* _What this task involves_
Exactly and only the lines below from the one containing "high aerial top" down to the one containing "bedroom featuring light" are wanted, both included; please exclude every picture.

** Given data follows **

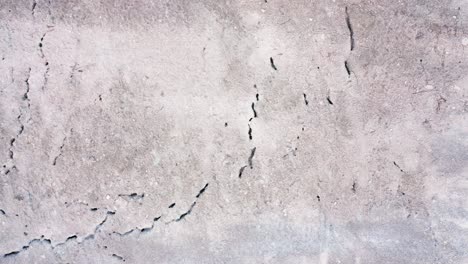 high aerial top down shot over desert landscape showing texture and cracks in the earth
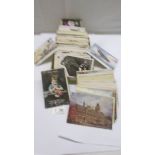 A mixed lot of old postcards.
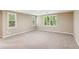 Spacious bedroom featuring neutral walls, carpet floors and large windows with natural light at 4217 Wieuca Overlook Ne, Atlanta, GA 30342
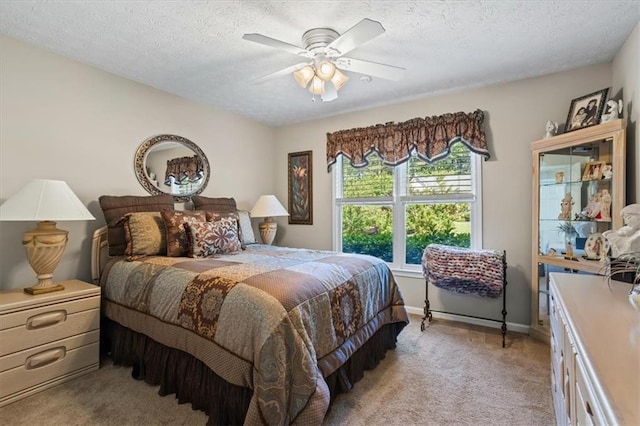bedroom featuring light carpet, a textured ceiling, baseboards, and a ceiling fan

** End of Given data **
** Given data follows **

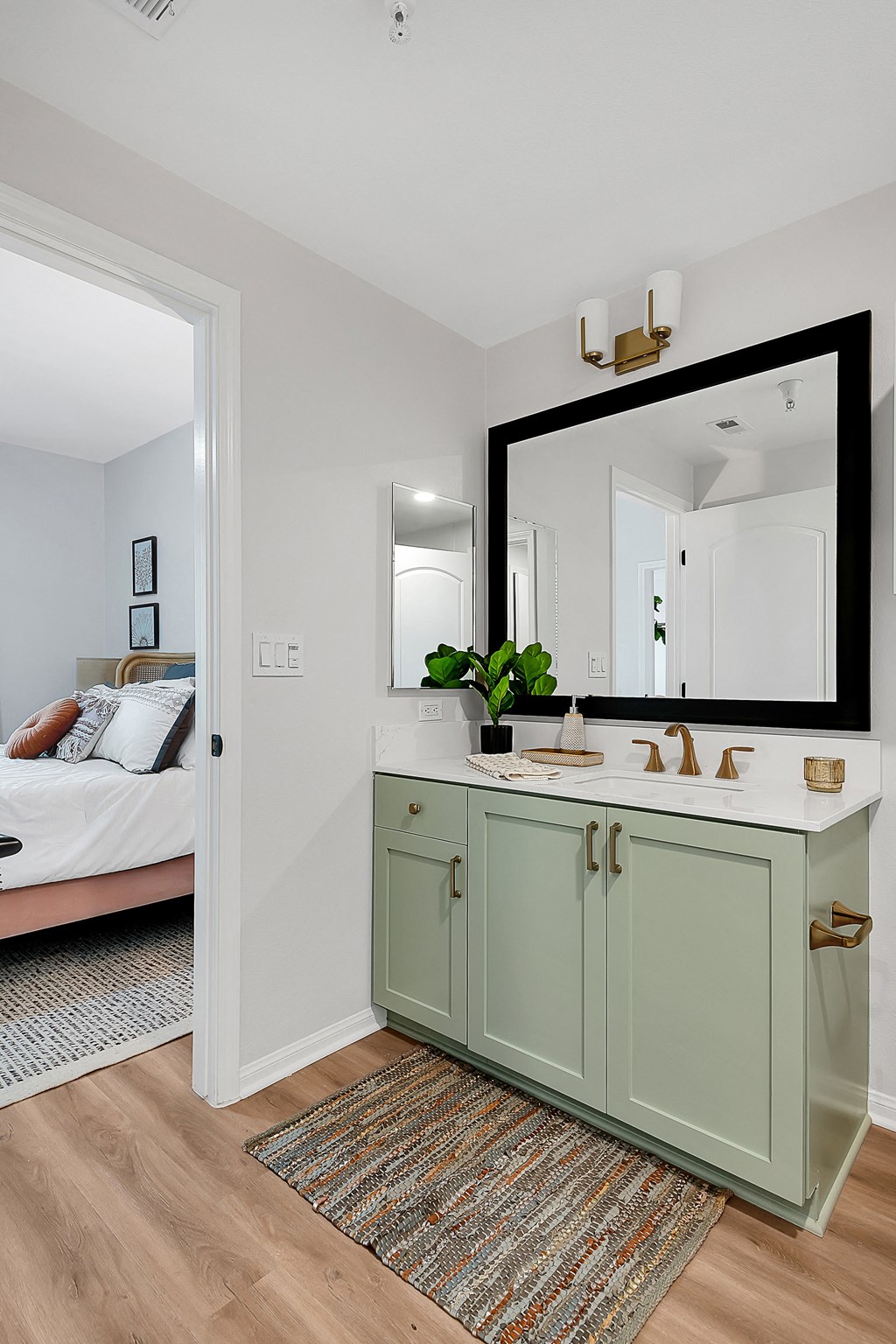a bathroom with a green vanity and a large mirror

** End of Given data **
** Given data follows **

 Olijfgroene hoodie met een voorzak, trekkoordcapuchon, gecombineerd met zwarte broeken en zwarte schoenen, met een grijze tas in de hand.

** End of Given data **

* _Solution_
 high aerial top down shot over desert landscape showing texture and cracks in the earth
 A mixed lot of old postcards.
 Spacious bedroom featuring neutral walls, carpet floors and large windows with natural light at 4217 Wieuca Overlook Ne, Atlanta, GA 30342
bedroom featuring light carpet, a textured ceiling, baseboards, and a ceiling fan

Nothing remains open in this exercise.